Frucall is a mobile service that tells you if you can get a better price for something online than you can in a store. You call a number enter the upc and then learn of the best price on the web for an item. It's an interesting idea and the service seems to offer some cool interactions between phone, web, and people. It seems that if you like the price they tell you on the phone that a call center agent will place an online order for you, and users can also use the service to bookmark items and leave themselves notes. I'm not sure how they handle the fact that items online are usually less expensive than those in stores minus the shipping and occasional sales tax charges but perhaps that is up to user to figure out. I don't think I'd use it but I am interested in the way that they are interacting with typed in UPC codes.
An approach more up my alley was being taken by a project called I Buy Right which matches images of UPC codes up to a database of socially conscious product attributes. The project looks like it has ground to a halt for the time being amid some unfortunate fortune hunting circumstances. As I read about the project I began to think that it would work better if one could sms the upc to the database rather than take a photo. Surely that would be easier to do than the photo scanning they were planning. I actually think I would use something like this and am sorry.

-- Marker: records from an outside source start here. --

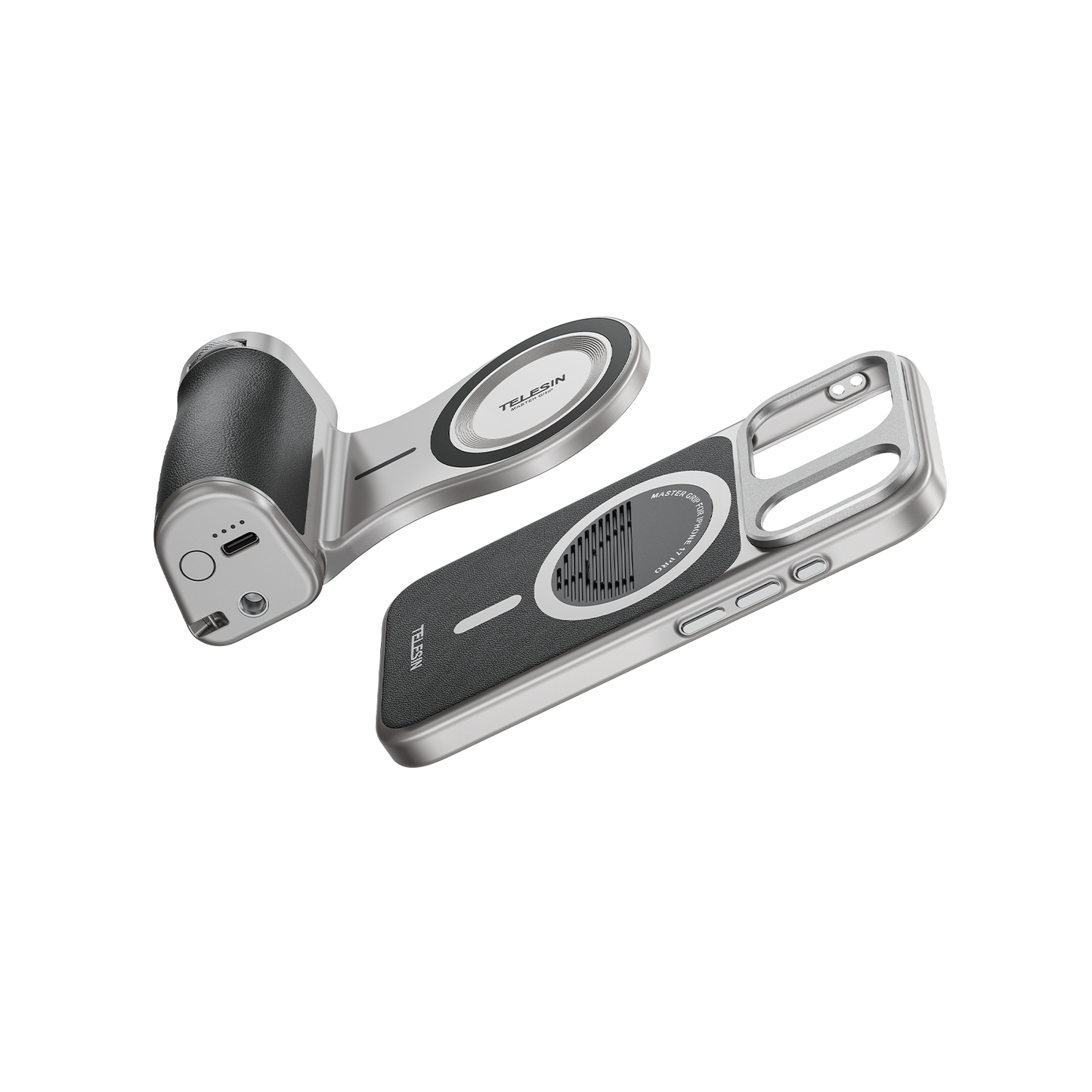 Telesin Master Grip voor iPhone 17 Pro - Standard Kit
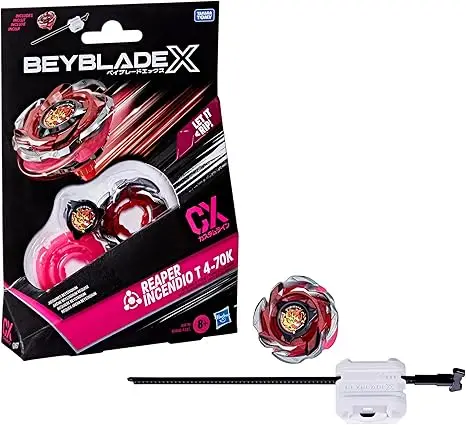 BEY BLADE X Stun Medusa 9-60GB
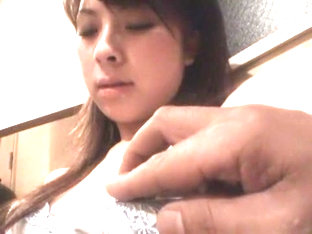 Crazy Japanese whore in Exotic JAV video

The NYT has some really interesting services in this article and I'm very excited to try Google's.I've yet to try Google's sms service but am excited about that.
For, for an ad-free option, there is a little-known Google
service. Send a text message to 46645 (that’s “Google”; leave off the
last E for efficiency). In the body of the message, type what you’re
looking for, like “Roger McBride 10025” or “chiropractor dallas tx.”
Seconds later, you get a return message from Google, complete with the
name, address, and phone number.
FREE ANSWERS Google’s
46645 text-messaging service can fetch much more than phone numbers. It
can also send you the weather report (in the body, type, for example,
“weather sacramento”), stock quotes (“amzn”), where a movie is showing
nearby (type “flushed away 44120”), what a word means (“define
schadenfreude”), driving directions (“miami fl to 60609”), unit
conversions (“liters in 5 gallons”), currency conversions (“25 usd in
euros”), and so on.
Another service I would use is one in which you could sms the name of a fish and get back a report about whether it was good to eat it. I carry around a chart in my wallet but it would be easier to text the name of the fish and get something back. Any takers?